[Scraped caption text data]
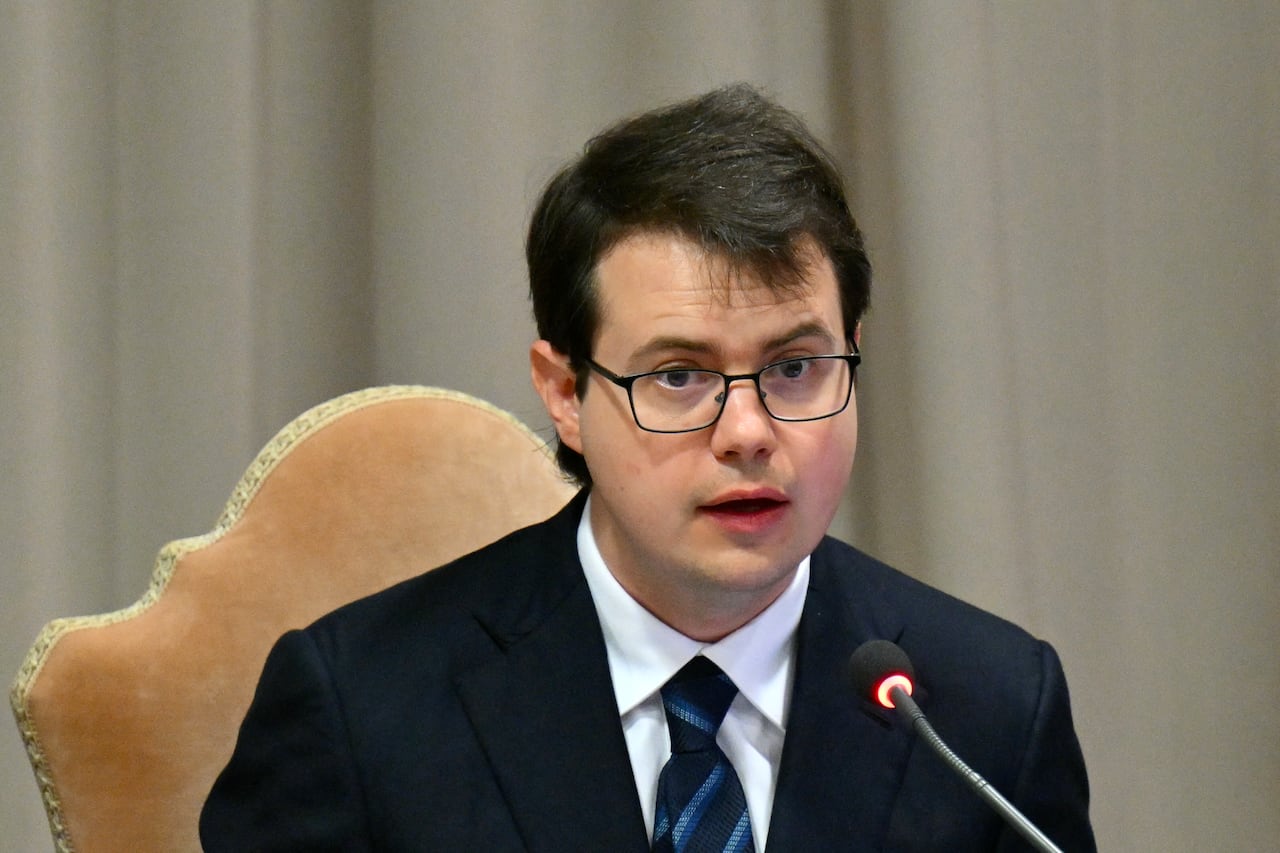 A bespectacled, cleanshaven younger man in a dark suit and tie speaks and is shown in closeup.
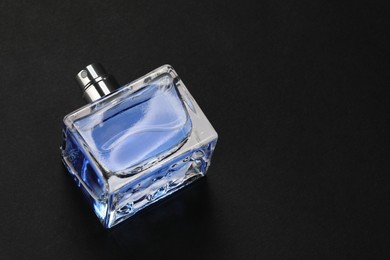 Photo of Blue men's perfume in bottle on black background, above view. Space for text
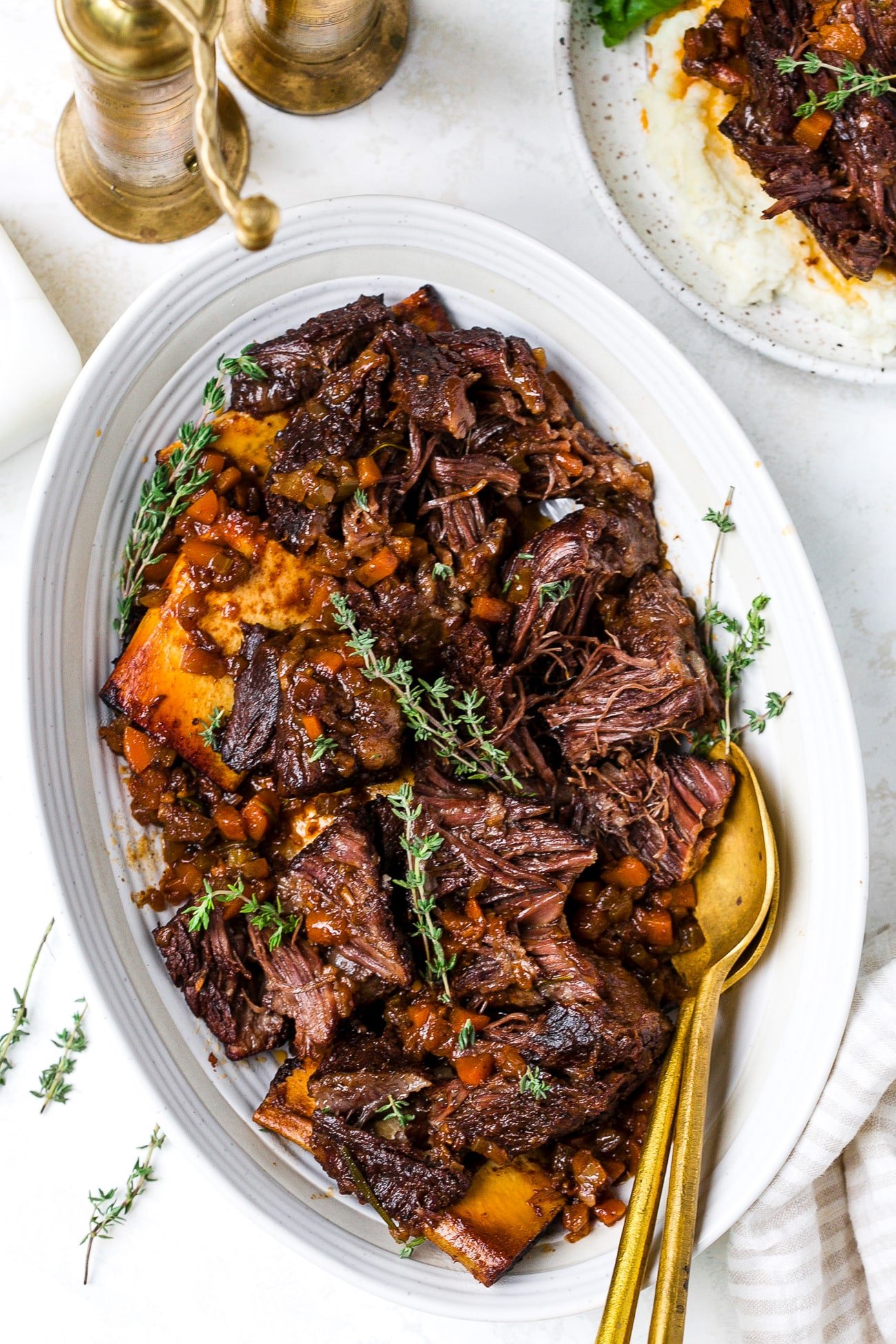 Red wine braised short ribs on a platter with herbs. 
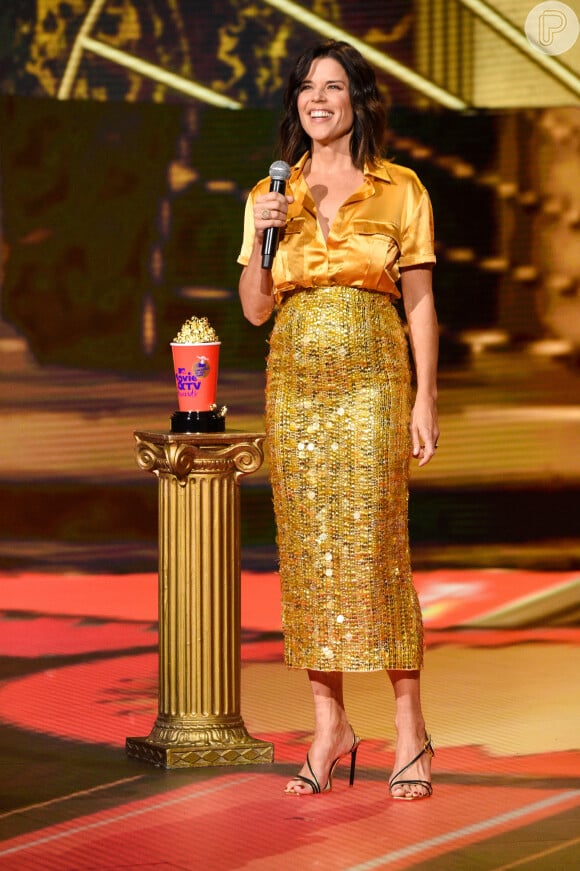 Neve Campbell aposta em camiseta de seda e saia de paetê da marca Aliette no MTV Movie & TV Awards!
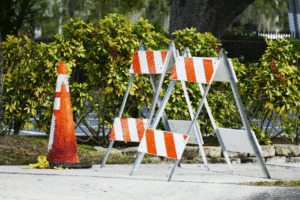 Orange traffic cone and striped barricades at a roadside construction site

▸ Instructions for the task
Starting at the line that contains "Red wine braised", write out every line through the end of the entries, both ends included, without any pictures.

▸ Written answer
 Red wine braised short ribs on a platter with herbs. 
 Neve Campbell aposta em camiseta de seda e saia de paetê da marca Aliette no MTV Movie & TV Awards!
 Orange traffic cone and striped barricades at a roadside construction site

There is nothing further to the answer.